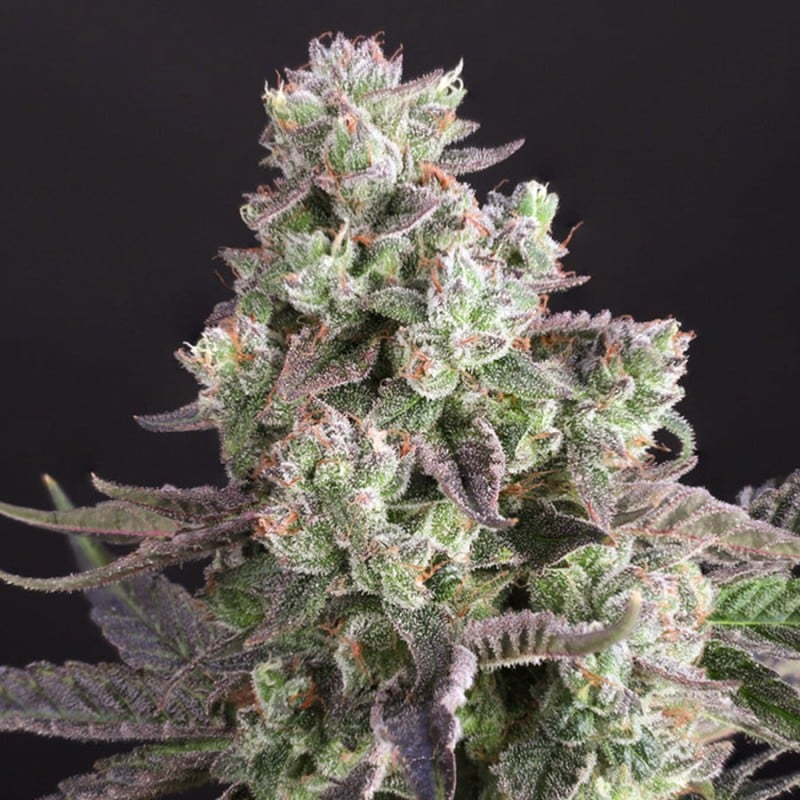 Candy Bubatz XL von Dutch Passion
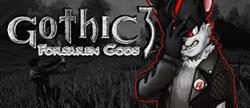 Gothic 3 forsaken gods 
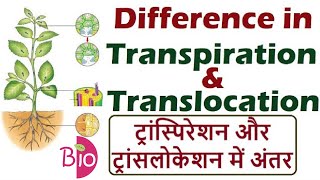 Difference between Transpiration and Translocation by Simply The Best BIO [upl. by Ilarrold]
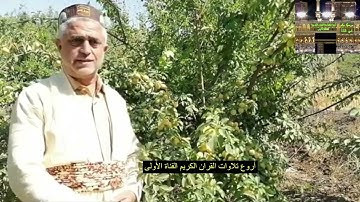 ماتيسر من سورة يس - القارئ محمد جباري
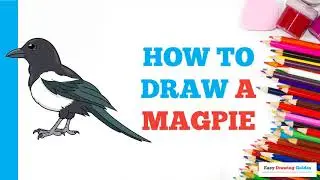 How to Draw a Magpie: Easy Step by Step Drawing Tutorial for Beginners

§

### [Task brief]
Starting with the line that contains "Difference between Transpiration", give the lines again exactly as they appear through the last line of the data, pictures excluded.

### [Answer box]
 Difference between Transpiration and Translocation by Simply The Best BIO [upl. by Ilarrold]
 ماتيسر من سورة يس - القارئ محمد جباري
 How to Draw a Magpie: Easy Step by Step Drawing Tutorial for Beginners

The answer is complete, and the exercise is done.